Sie muss für das eigentliche Darlehen nicht gerade stehen, da sie nicht mehr Vertragspartnerin bei der Bank ist. Auch für den neuen Kredit ist sie nicht in der Darlehenspflicht, sondern nur mein Schwiegervater, sonst hätte er dafür ja auch ihre Unterschrift bei der Bank benötigt. Hieraus hat er sie entlassen lassen, was sie auch gerne unterschrieben hat.

Kommentar von peterobm ,

es soll eine Grundschuld aufs Haus/Gebäude eingetragen werden, da hat sie zu unterschreiben, wenn Sie es nicht macht, leider Pech. 

Antwort
von Kirschkerze, 27

So eine Unterschrift darf nicht eingeklagt werden nein. Wenn ein Miteigentümer nicht damit einverstanden ist dass da ein Kredit übers Haus läuft (dementsprechend auch eine Grundschuld dann drauf ist!), dann muss er/sie reingar nichts machen. Ist auch irrelevant ob sie was für das Haus zahlt, oder drin wohnt oder sonstwas.
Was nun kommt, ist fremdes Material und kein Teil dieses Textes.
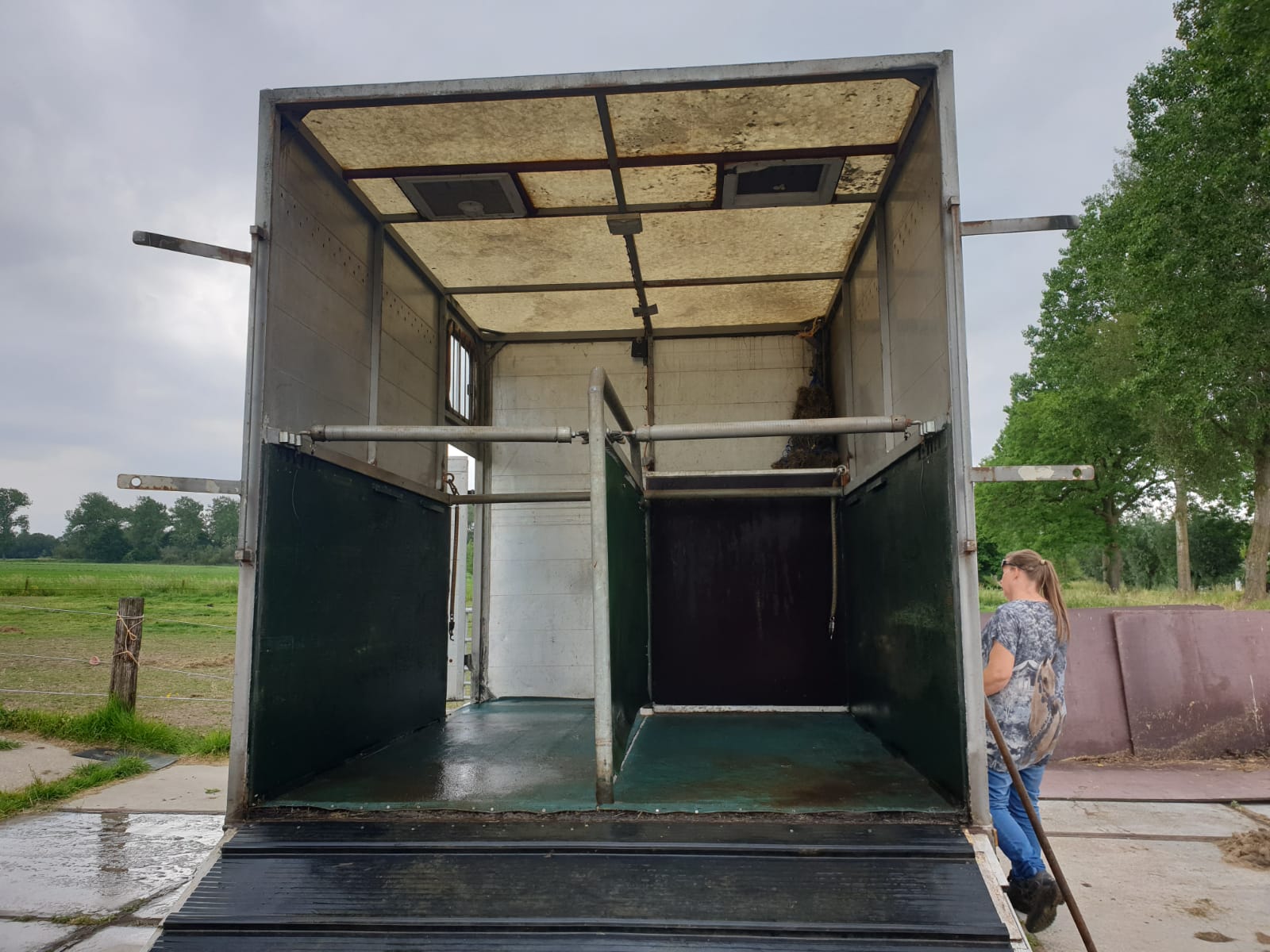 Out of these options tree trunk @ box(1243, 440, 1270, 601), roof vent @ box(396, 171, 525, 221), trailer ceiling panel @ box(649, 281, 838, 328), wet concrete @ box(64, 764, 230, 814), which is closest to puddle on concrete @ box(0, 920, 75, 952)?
wet concrete @ box(64, 764, 230, 814)

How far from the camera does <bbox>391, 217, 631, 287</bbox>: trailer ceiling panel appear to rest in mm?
4664

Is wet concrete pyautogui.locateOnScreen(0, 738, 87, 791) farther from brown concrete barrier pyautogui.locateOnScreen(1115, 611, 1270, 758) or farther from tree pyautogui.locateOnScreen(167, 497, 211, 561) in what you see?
tree pyautogui.locateOnScreen(167, 497, 211, 561)

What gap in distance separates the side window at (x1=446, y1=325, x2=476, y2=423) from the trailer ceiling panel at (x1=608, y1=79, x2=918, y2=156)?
100 inches

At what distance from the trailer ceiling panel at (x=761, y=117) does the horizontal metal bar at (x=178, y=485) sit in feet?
7.11

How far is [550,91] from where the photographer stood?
10.5 feet

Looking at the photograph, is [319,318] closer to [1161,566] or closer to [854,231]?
[854,231]

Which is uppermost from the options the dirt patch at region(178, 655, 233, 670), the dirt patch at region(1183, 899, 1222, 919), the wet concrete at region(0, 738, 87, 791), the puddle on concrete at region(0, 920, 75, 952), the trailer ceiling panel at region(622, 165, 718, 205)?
the trailer ceiling panel at region(622, 165, 718, 205)

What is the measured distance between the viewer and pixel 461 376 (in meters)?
6.20

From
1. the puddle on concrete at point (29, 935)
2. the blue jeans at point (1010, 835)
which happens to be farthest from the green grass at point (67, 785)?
the blue jeans at point (1010, 835)

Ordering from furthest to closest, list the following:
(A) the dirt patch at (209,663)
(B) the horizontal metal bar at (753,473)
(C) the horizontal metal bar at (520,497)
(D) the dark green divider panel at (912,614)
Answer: (A) the dirt patch at (209,663) → (C) the horizontal metal bar at (520,497) → (B) the horizontal metal bar at (753,473) → (D) the dark green divider panel at (912,614)

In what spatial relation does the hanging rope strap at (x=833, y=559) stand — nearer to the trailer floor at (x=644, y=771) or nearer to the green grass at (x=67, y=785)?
the trailer floor at (x=644, y=771)

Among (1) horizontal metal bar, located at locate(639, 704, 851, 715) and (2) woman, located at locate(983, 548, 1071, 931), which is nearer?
Answer: (2) woman, located at locate(983, 548, 1071, 931)

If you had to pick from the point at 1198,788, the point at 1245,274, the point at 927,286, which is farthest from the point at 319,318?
the point at 1245,274

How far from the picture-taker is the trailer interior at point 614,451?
3.13m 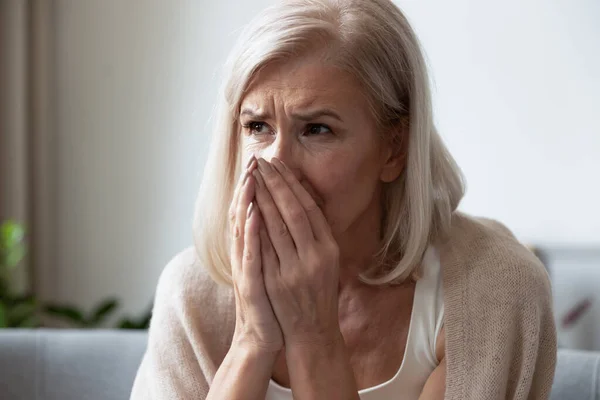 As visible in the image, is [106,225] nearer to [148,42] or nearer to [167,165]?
[167,165]

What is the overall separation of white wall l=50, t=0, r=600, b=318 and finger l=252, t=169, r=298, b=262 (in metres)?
1.47

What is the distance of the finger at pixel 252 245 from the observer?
1.38m

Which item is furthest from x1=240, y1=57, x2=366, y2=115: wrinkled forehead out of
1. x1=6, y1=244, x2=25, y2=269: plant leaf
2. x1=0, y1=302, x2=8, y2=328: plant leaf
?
x1=6, y1=244, x2=25, y2=269: plant leaf

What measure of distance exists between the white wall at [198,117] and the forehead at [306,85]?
4.50ft

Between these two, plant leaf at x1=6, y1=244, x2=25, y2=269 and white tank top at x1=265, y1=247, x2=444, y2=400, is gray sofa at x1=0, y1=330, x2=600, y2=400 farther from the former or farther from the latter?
plant leaf at x1=6, y1=244, x2=25, y2=269

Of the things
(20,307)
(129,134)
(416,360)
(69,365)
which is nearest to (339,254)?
(416,360)

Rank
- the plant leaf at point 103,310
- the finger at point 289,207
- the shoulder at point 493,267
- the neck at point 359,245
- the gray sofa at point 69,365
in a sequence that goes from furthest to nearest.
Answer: the plant leaf at point 103,310, the gray sofa at point 69,365, the neck at point 359,245, the shoulder at point 493,267, the finger at point 289,207

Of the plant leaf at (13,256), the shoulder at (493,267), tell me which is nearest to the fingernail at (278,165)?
the shoulder at (493,267)

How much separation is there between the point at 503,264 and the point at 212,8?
209cm

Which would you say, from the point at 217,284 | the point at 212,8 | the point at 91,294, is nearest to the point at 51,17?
the point at 212,8

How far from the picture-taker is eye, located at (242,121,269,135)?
1460mm

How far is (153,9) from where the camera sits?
3418 millimetres

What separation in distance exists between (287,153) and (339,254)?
7.8 inches

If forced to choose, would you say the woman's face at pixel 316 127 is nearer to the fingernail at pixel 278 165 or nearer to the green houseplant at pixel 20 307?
the fingernail at pixel 278 165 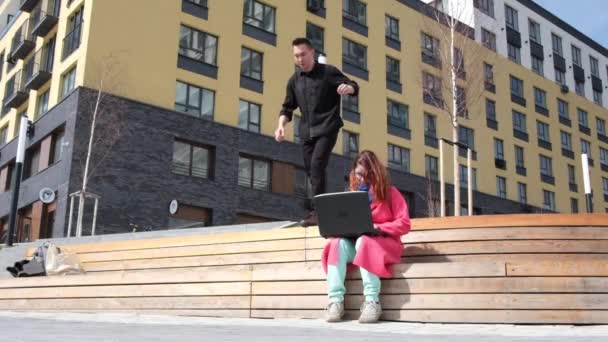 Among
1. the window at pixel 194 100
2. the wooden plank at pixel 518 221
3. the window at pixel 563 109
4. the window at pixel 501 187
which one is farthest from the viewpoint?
the window at pixel 563 109

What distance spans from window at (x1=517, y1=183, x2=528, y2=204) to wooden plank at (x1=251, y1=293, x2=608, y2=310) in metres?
36.7

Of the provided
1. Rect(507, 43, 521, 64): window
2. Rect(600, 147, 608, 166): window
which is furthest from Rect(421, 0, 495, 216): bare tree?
Rect(600, 147, 608, 166): window

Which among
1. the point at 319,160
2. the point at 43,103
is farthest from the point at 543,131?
the point at 319,160

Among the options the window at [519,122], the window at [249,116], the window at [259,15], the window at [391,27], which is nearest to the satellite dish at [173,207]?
the window at [249,116]

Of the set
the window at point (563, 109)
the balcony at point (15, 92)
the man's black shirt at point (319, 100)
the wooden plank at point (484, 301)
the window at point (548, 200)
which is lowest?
the wooden plank at point (484, 301)

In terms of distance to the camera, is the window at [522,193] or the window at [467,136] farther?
the window at [522,193]

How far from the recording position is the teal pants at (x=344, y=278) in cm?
512

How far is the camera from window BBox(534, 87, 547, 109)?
43.4m

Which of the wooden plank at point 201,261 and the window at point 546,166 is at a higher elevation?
the window at point 546,166

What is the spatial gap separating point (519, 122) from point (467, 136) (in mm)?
6627

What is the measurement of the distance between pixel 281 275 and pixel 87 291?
2386 mm

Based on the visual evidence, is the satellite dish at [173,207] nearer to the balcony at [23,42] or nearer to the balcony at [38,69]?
the balcony at [38,69]

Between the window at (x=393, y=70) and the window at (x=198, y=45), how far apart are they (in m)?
10.8

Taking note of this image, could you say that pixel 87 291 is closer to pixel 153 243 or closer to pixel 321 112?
pixel 153 243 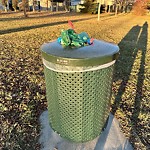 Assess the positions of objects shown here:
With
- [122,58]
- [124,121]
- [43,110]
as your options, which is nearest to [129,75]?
[122,58]

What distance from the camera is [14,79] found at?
414cm

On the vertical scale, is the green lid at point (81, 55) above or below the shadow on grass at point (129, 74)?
above

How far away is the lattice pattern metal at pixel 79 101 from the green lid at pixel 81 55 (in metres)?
0.15

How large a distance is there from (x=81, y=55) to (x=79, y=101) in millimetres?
552

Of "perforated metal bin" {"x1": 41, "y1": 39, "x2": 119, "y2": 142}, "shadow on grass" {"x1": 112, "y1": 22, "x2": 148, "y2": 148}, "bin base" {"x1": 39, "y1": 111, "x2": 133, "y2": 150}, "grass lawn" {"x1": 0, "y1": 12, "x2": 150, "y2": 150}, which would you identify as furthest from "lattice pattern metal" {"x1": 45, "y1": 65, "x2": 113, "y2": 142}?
"shadow on grass" {"x1": 112, "y1": 22, "x2": 148, "y2": 148}

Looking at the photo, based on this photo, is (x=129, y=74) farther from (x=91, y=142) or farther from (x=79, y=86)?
(x=79, y=86)

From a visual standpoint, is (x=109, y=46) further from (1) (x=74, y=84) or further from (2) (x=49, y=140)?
(2) (x=49, y=140)

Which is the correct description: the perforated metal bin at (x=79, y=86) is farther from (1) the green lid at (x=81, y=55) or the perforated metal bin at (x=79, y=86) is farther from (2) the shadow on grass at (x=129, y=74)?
(2) the shadow on grass at (x=129, y=74)

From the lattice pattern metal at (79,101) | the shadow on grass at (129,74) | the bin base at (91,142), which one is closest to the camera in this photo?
the lattice pattern metal at (79,101)

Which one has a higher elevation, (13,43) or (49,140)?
(13,43)

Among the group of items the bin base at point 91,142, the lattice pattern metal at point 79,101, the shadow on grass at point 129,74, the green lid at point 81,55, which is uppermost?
the green lid at point 81,55

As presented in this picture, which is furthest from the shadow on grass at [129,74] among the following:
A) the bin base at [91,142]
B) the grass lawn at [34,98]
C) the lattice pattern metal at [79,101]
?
the lattice pattern metal at [79,101]

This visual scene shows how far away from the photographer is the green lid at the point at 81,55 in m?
1.88

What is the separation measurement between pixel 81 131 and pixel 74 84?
659mm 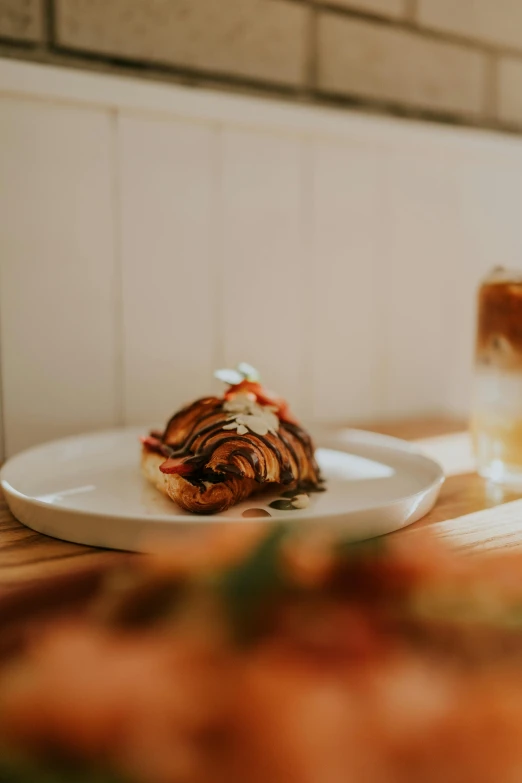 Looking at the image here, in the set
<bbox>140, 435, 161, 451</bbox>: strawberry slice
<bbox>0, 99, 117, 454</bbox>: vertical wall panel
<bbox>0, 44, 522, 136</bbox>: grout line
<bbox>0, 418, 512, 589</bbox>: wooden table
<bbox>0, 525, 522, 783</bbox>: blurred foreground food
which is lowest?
<bbox>0, 418, 512, 589</bbox>: wooden table

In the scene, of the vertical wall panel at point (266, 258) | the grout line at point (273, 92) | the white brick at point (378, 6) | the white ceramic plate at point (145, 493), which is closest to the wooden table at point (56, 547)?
the white ceramic plate at point (145, 493)

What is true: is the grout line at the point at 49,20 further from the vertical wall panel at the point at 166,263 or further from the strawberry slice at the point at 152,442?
the strawberry slice at the point at 152,442

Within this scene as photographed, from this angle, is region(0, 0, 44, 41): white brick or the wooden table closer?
the wooden table

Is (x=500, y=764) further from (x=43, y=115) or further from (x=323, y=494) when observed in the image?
(x=43, y=115)

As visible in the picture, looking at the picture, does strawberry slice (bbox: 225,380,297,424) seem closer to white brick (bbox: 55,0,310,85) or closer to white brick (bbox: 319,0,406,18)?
white brick (bbox: 55,0,310,85)

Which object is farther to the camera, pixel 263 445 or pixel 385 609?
pixel 263 445

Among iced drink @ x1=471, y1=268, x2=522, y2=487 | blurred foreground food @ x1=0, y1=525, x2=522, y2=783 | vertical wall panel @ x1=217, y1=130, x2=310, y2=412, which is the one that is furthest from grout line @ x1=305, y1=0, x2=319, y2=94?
blurred foreground food @ x1=0, y1=525, x2=522, y2=783

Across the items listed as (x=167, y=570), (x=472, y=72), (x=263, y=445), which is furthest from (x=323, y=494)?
(x=472, y=72) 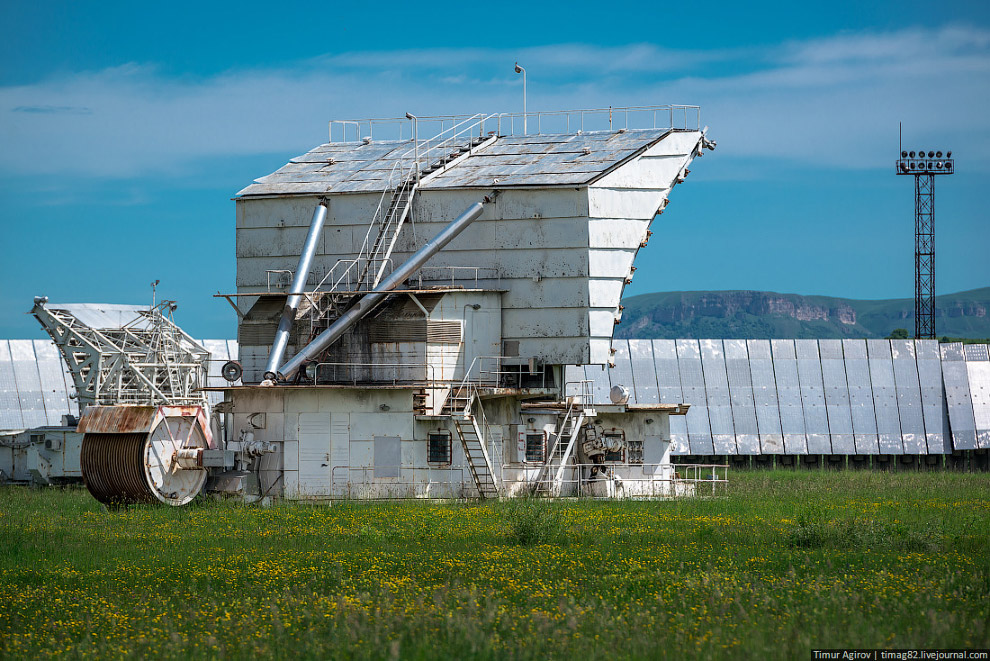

Relevant ist nur dass sie Eigentümerin ist und entsprechend auch das Mit-Sagen hat.

Kommentar von Hennes79 ,

So viel ist mir schon klar. Sie hat aber nicht nur Rechte, sondern auch Pflichten, wie z. B. sich an notwendigen Renovierungsarbeiten zu beteiligen. Darum geht es aber nicht. Da wir sie gar nicht erreichen, war die Frage nur, ob noch irgendwer eine Idee hat, was man tun kann. Sie profitiert ja unter Umständen sogar davon, im Hinblick auf die Unterhaltshöhe.

Kommentar von Kirschkerze ,

"war die Frage nur, ob noch irgendwer eine Idee hat, was man tun kann."

Nein, die Frage war ganz klar gestellt: Ob man was einklagen kann.

Antwort: Nein.

Wenn sie nicht will, dann könnt ihr auf das Haus keine Grundschuld packen

Kommentar von Hennes79 ,

In der Detailbeschreibung habe ich gefragt, was man tun kann. Einklagen wäre eine Möglichkeit und hätte ich vermutlich so nicht in die Überschrift nehmen sollen, da offensichtlich ein falsches Bild entsteht. Ob es überhaupt Sinn macht, steht auf einem anderen Blatt. Da sie keinerlei Nachteile durch die Eintragung hat, macht es keinen Sinn die Unterschrift zu verweigern. Ihr Anteil am Haus ist durch diese zusätzliche Kreditaufnahme nicht gefährdet. Ganz im Gegenteil. Das Darlehensrisiko trägt ohnehin nur der Schwiegervater. Sollten wider Erwarten alle Parteien nicht mehr in der Lage sein die künftig niedrigeren Raten zu zahlen, hat die Bank lediglich die Hand auf dem im Vergleich zum eigentlichen Wert der Immobilie sehr geringen Betrag, sodass bei einem Verkauf deutlich mehr abgeworfen wird, als investiert wurde. Die Darlehen sind komplett abgesichert und bei 2 Beamten in guten Händen. Naja, wie auch immer. Ich merke schon, dass es diesbezüglich keine Lösung geben wird. Trotzdem danke für's Mitdenken.

Antwort
von FordPrefect, 8

Einklagbar ist hier rein gar nichts. Wenn die Dame nicht will, dann gibt es rechtlich keine Möglichkeit, sie dazu zu zwingen. Um das zu ändern, müsste man der Schwiegermutter ein Kaufangebot über ihren Anteil unterbreiten. Ansonsten bleibt sie dauerhaft beteiligt, ohne überstimmt werden zu können.

Antwort
von Feuerherz2007, 16

Nein, dazu kann man niemanden zwingen, warum auch? Sie ist frei in ihrem Willen und das ist auch gut so. Niemand kann dazu gezwungen werden, eine Verbindlichkeit auf seinem Vermögen zu akzeptieren. Fragt euch mal, wer euch überhaupt das Geld für das Haus gegeben hat und falls es die Schwiegereltern waren, denn deshalb wohnen sie vermutlich mit im Haus, ob das richtig ist, was ihr der Frau zumutet!

Kommentar von Hennes79 ,

Zum Einen hat uns keiner das Geld für das Haus gegeben und zugemutet wird hier auch nichts. Uns ist durchaus bewusst, dass es wenig Möglichkeiten gibt, wenn man keine vernünftige Lösung durch miteinander reden finden kann. Und zwingen ist hier sicherlich nicht unser Hintergedanke.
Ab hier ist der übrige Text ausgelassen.